Your task –
Every line of the material must be restated exactly, though not its pictures.

Input records –
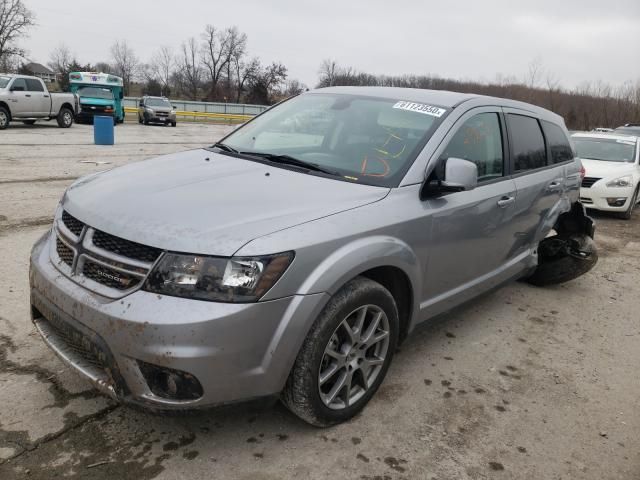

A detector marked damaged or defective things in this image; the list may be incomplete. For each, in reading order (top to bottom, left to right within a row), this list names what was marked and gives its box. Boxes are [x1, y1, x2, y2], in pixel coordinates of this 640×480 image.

exposed rear wheel [56, 107, 73, 127]
exposed rear wheel [282, 278, 398, 428]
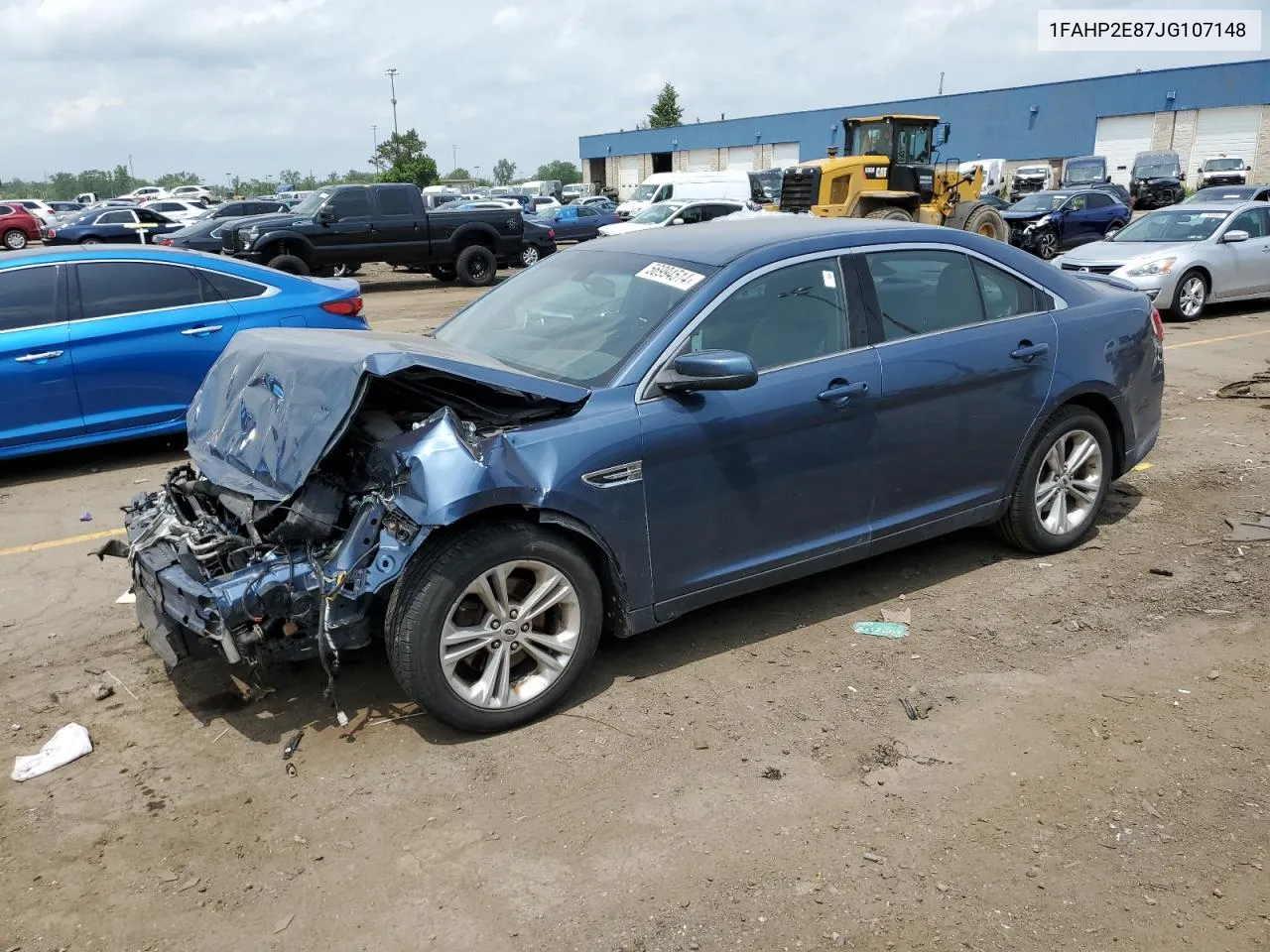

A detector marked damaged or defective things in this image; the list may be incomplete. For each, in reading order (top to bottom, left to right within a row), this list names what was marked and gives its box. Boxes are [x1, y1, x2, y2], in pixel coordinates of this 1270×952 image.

damaged front end [112, 327, 583, 685]
crumpled front hood [185, 327, 588, 502]
wrecked blue sedan [119, 215, 1163, 736]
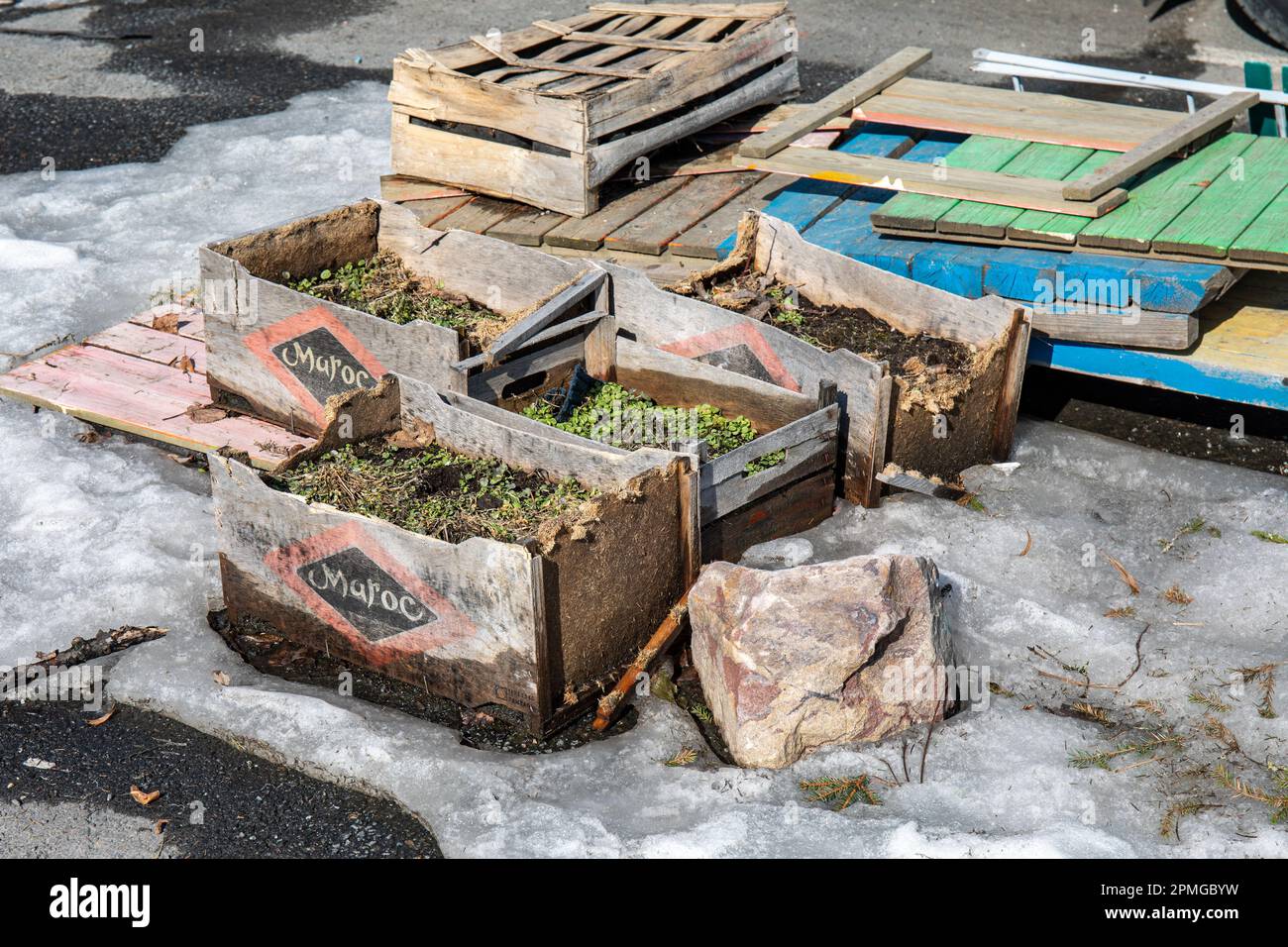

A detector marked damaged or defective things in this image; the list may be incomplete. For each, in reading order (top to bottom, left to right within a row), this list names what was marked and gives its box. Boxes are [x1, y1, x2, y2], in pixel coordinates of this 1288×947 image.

broken wooden crate [386, 0, 799, 215]
broken wooden crate [196, 202, 607, 438]
broken wooden crate [209, 373, 696, 736]
broken wooden crate [469, 311, 839, 562]
broken wooden crate [659, 212, 1030, 484]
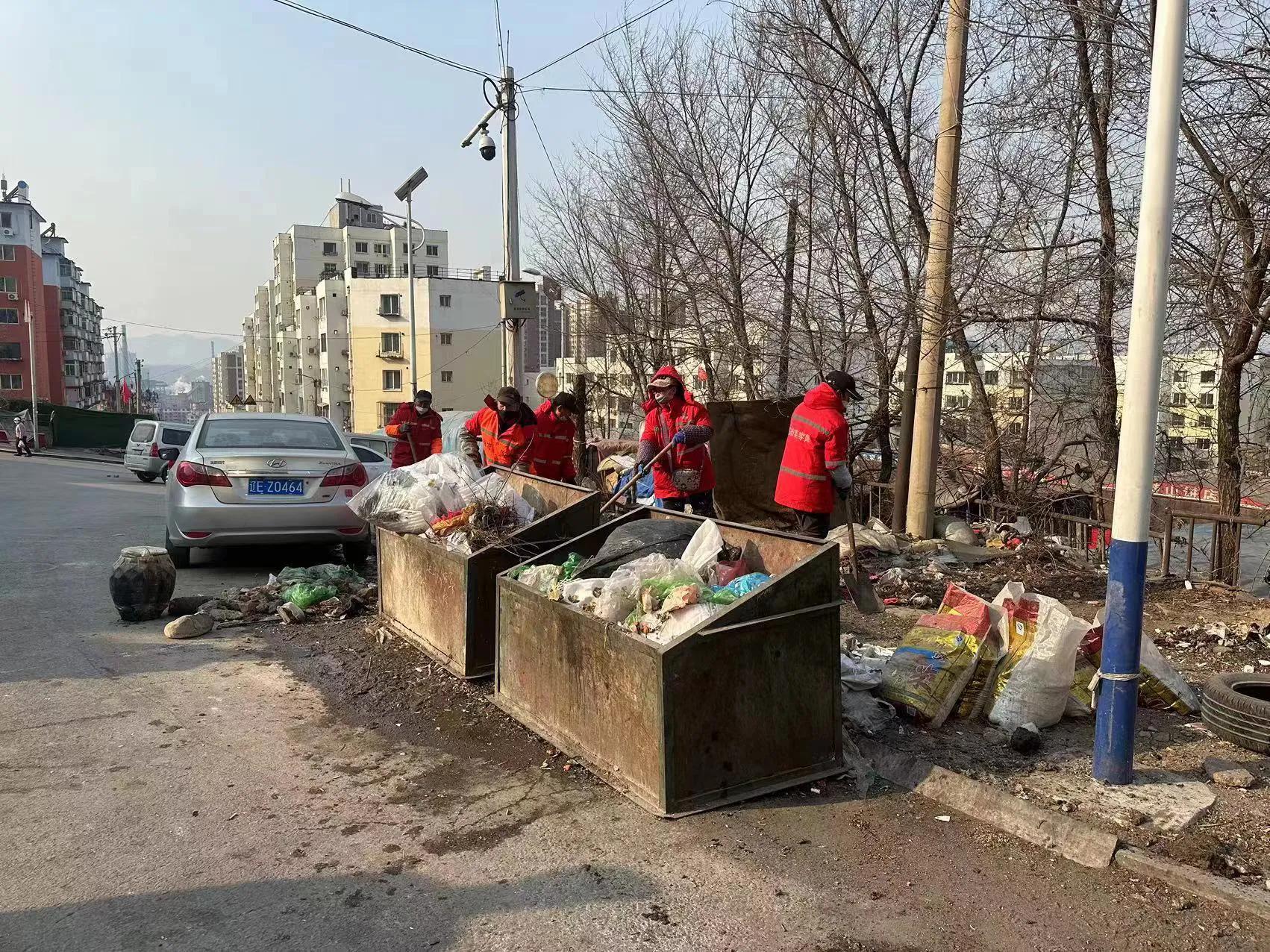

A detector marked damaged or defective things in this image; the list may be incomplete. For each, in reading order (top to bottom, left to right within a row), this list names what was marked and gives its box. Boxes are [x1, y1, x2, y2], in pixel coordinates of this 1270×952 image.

rusty metal dumpster [375, 467, 599, 680]
rusty metal dumpster [492, 510, 843, 817]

Task solution –
A detector marked damaged or defective things in this image; the list may be incomplete. For each, in reading order (top to bottom, left to right within a row), this list names what was marked and gives its box. Boxes are [x1, y1, x2, y2], in pixel coordinates of this 640×480 image.

exposed rear wheel [56, 107, 73, 127]
exposed rear wheel [282, 278, 398, 428]

A detector marked damaged or defective things in this image; the list may be incomplete. For each, in reading order (top to bottom, left to right within a row), this list names what was marked and gives its box. Boxes are [x1, y1, x2, y2], in pixel coordinates of this 1270×952 image.

damaged front end [112, 327, 583, 685]
crumpled front hood [185, 327, 588, 502]
wrecked blue sedan [119, 215, 1163, 736]

A detector marked damaged or defective things in this image; the list may be incomplete. For each, in reading order (top to bottom, left to right within a row), this list names what was marked and gives its box. Boxes are [x1, y1, x2, y2], in pixel coordinates of this 1288×947 image.

broken wooden crate [386, 0, 799, 215]
broken wooden crate [196, 202, 607, 438]
broken wooden crate [209, 373, 696, 736]
broken wooden crate [469, 311, 839, 562]
broken wooden crate [659, 212, 1030, 484]

A detector marked damaged or defective things in this image; the list may be incomplete. For each, in reading order (top to bottom, left to right within a row), this list names what was marked and gives its box. Boxes are [x1, y1, x2, y2], in pixel coordinates of this 1270×952 image.

rusty metal dumpster [375, 467, 599, 680]
rusty metal dumpster [492, 510, 843, 817]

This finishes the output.